* _AIM OF THE EXERCISE_
From the listing below, output the lines between the one with "HOMCOM 2er-Set Esszimmerstühle" and the one with "CELINE Luggage Phantom", including those two, and nothing else. Pictures are not copied.

* _SOURCE INFORMATION_
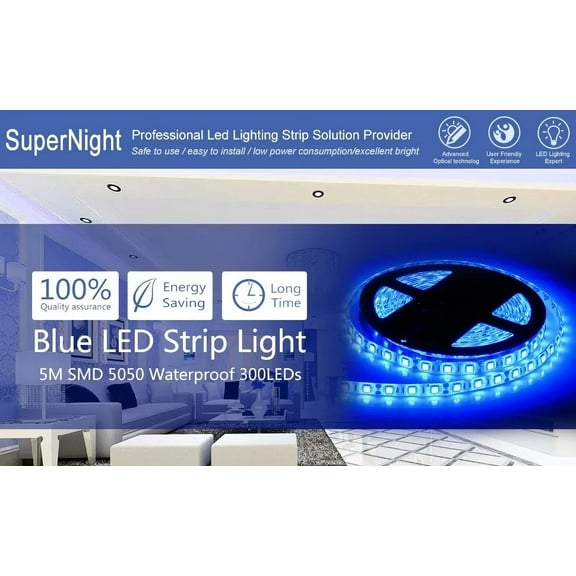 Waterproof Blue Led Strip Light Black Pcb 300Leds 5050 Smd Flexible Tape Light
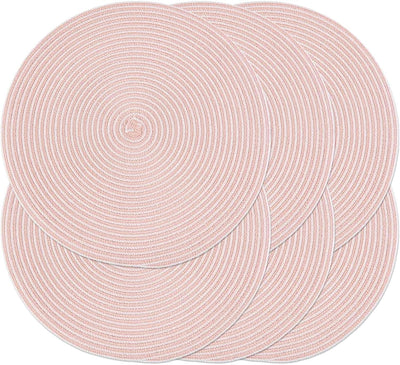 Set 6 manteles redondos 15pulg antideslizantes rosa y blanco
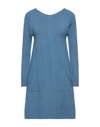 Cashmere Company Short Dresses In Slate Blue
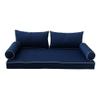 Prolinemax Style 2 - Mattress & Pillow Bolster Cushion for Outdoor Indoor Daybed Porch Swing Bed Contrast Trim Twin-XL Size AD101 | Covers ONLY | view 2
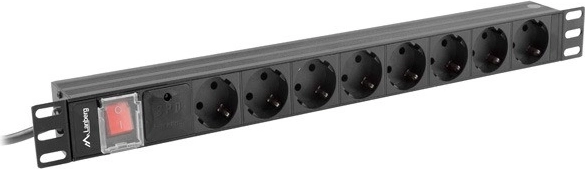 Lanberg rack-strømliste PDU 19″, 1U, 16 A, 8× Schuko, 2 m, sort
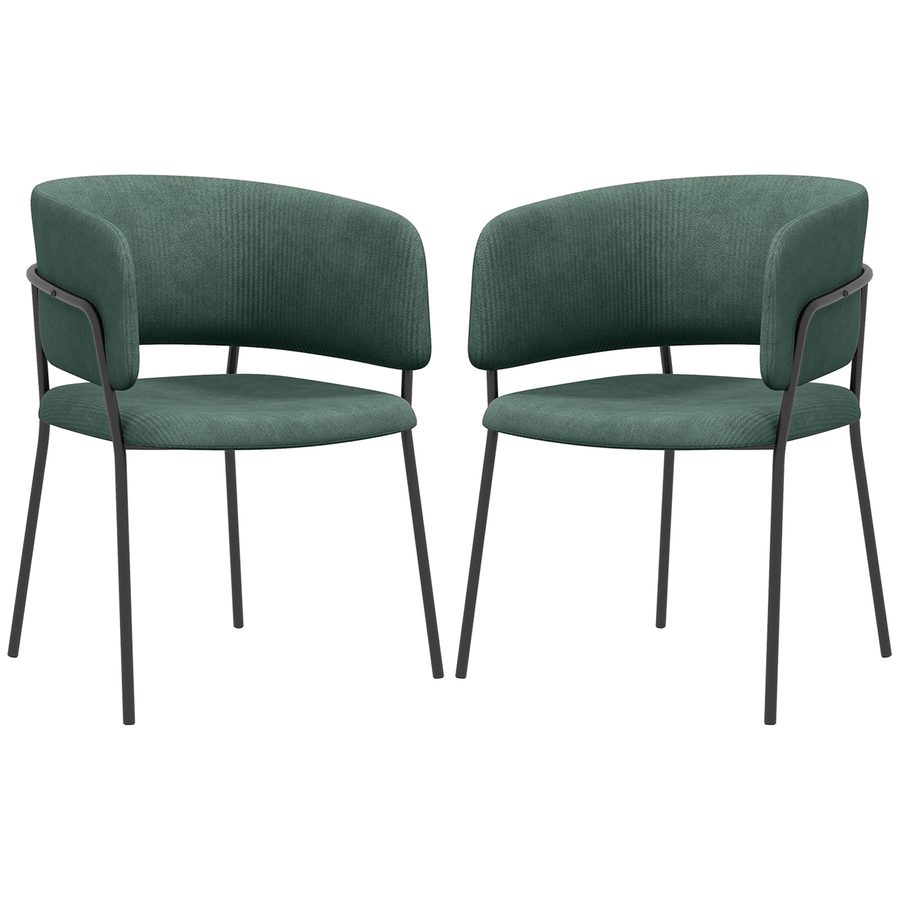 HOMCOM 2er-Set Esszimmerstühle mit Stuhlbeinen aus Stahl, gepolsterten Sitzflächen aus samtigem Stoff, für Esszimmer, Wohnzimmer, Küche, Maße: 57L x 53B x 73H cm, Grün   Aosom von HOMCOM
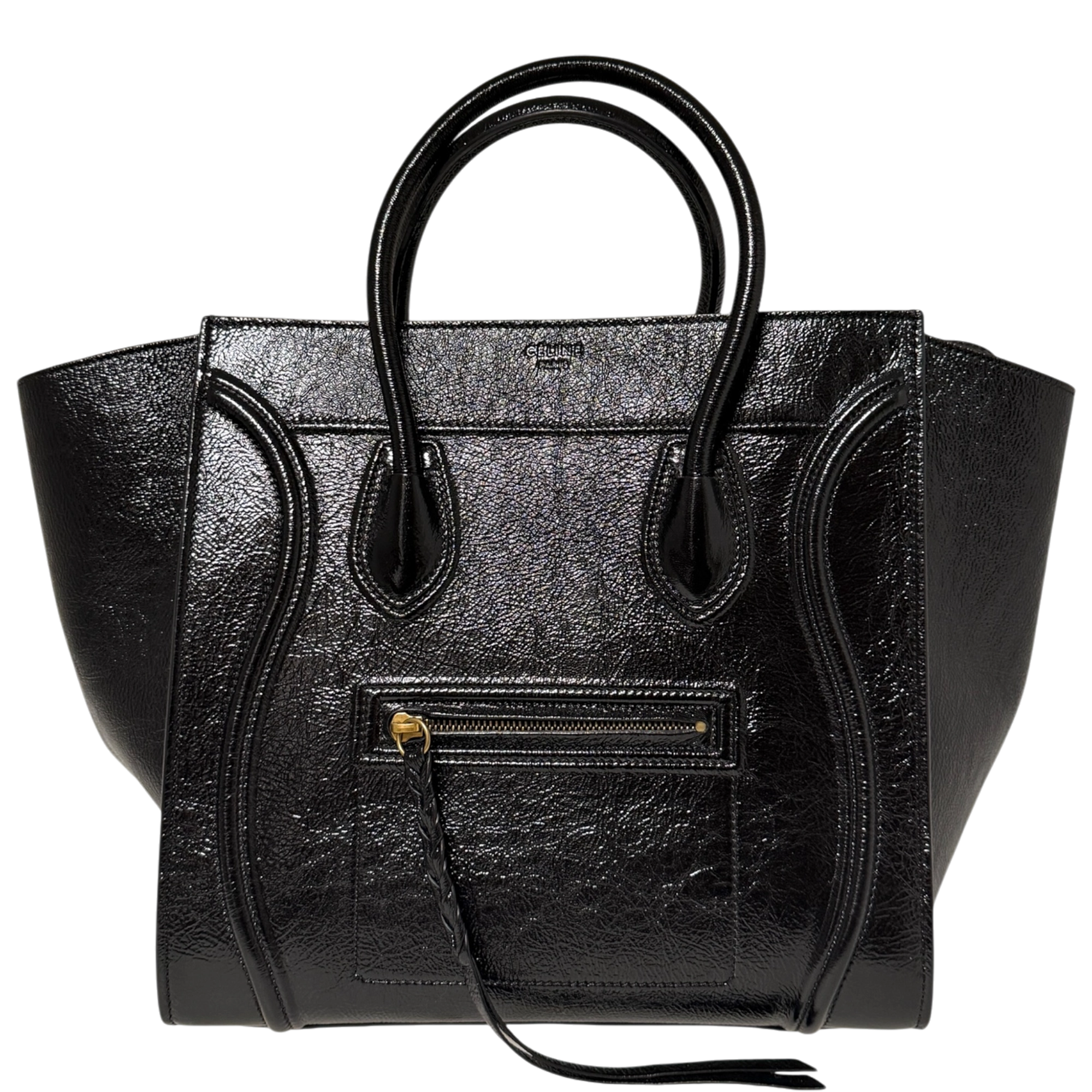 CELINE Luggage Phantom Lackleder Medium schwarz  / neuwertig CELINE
...
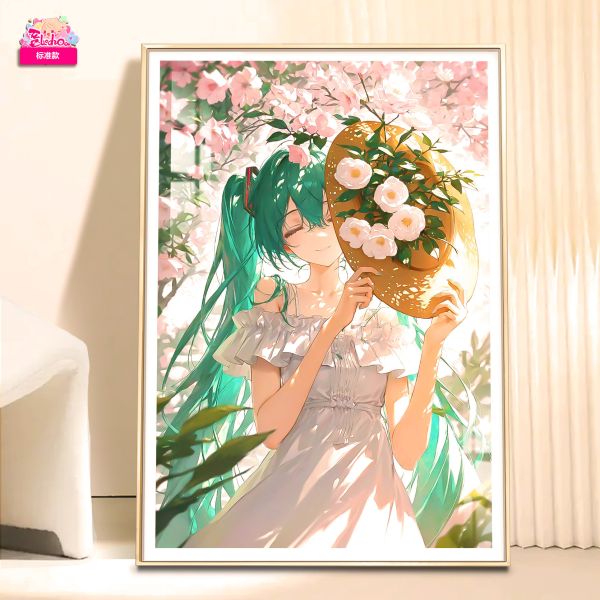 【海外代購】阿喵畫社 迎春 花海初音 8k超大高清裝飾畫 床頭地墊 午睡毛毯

* _ANSWER_
 HOMCOM 2er-Set Esszimmerstühle mit Stuhlbeinen aus Stahl, gepolsterten Sitzflächen aus samtigem Stoff, für Esszimmer, Wohnzimmer, Küche, Maße: 57L x 53B x 73H cm, Grün   Aosom von HOMCOM
 CELINE Luggage Phantom Lackleder Medium schwarz  / neuwertig CELINE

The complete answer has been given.